GOAL OF THE EXERCISE = In the records below, find the line containing "WHITE PEONY-White tea" and the line containing "2012-10-16-leschiens001.jpg". Give again exactly those lines and every line between them, omitting the pictures.

- - -

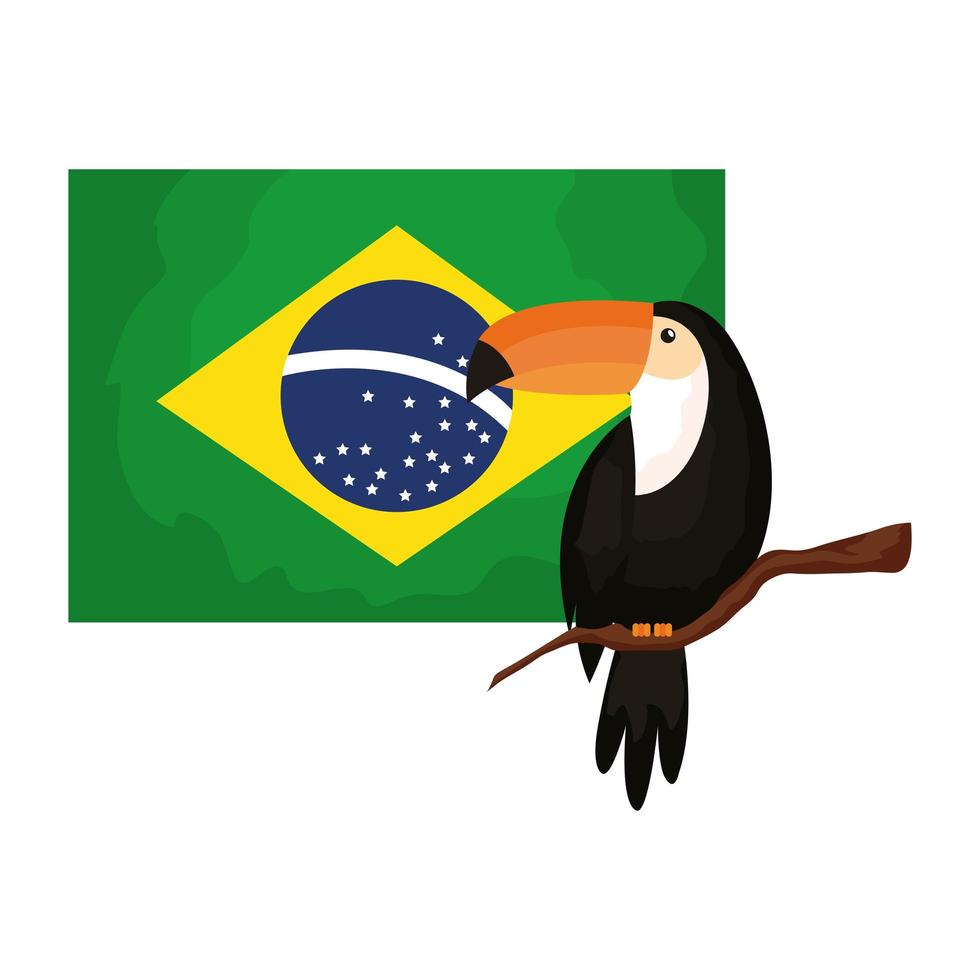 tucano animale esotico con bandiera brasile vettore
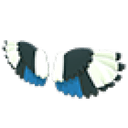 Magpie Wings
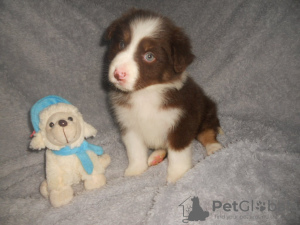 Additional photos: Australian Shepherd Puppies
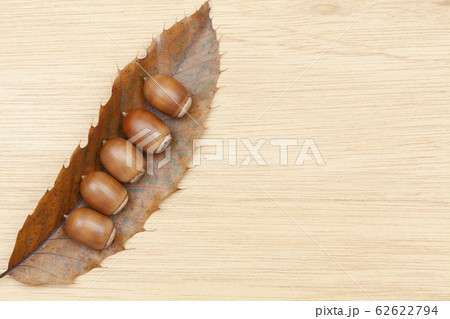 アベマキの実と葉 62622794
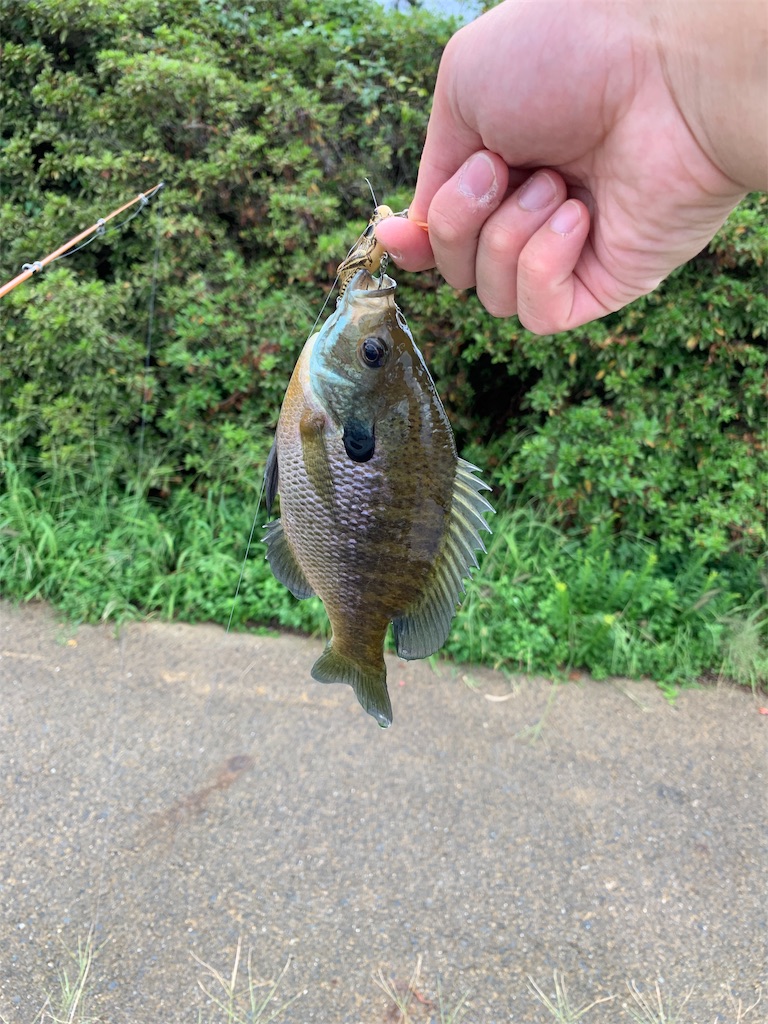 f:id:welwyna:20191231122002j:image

- - -

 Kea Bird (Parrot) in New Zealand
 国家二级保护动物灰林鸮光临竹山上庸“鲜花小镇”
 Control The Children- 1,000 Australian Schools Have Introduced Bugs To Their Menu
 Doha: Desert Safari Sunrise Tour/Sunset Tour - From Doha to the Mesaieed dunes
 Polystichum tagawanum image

- - -

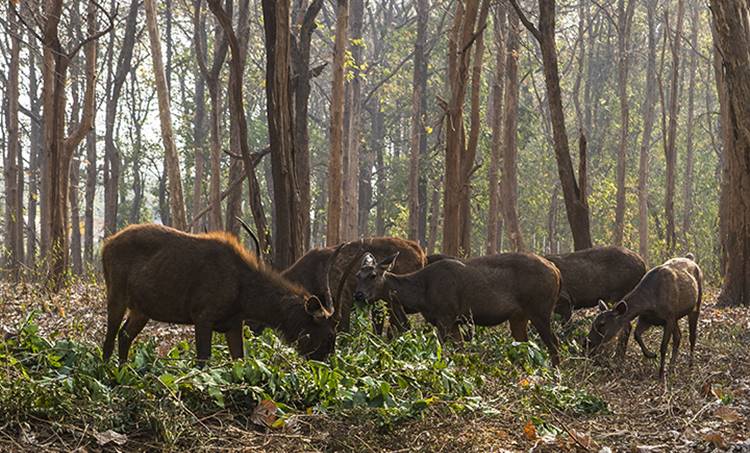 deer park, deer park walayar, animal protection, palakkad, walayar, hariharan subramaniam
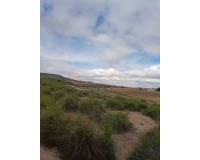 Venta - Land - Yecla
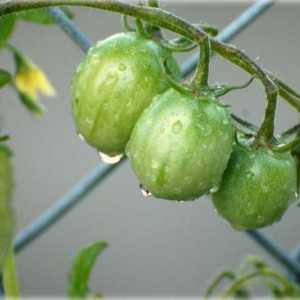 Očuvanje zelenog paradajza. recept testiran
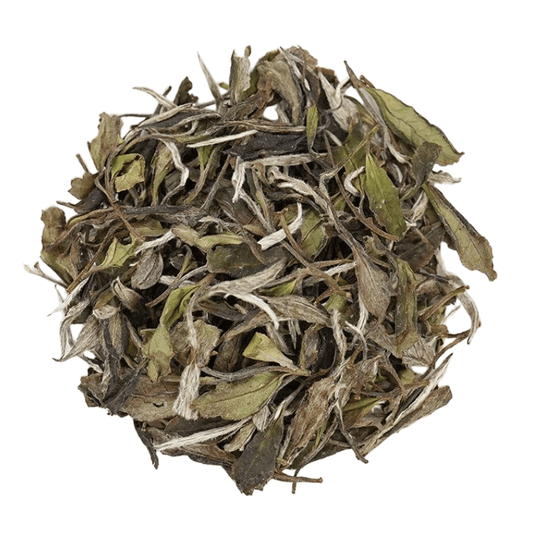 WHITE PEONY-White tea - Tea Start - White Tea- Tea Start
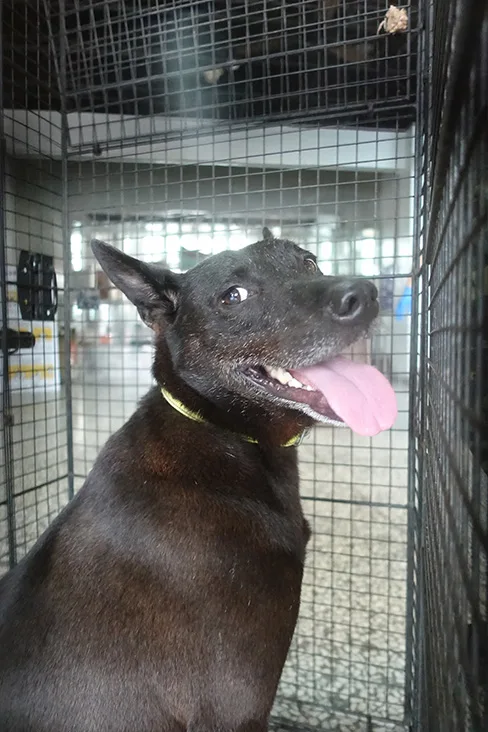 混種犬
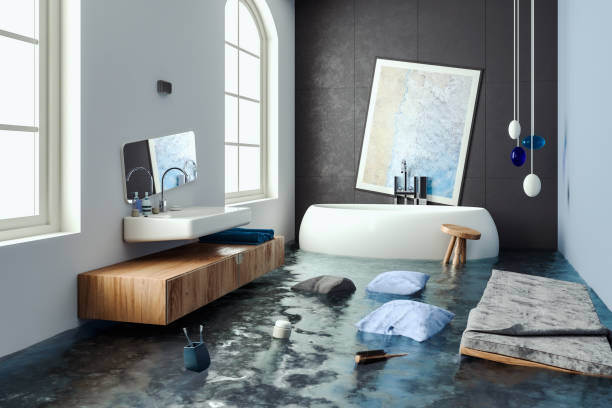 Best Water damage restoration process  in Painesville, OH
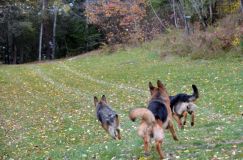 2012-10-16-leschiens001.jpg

- - -

WRITTEN RESPONSE =
 WHITE PEONY-White tea - Tea Start - White Tea- Tea Start
 混種犬
 Best Water damage restoration process  in Painesville, OH
 2012-10-16-leschiens001.jpg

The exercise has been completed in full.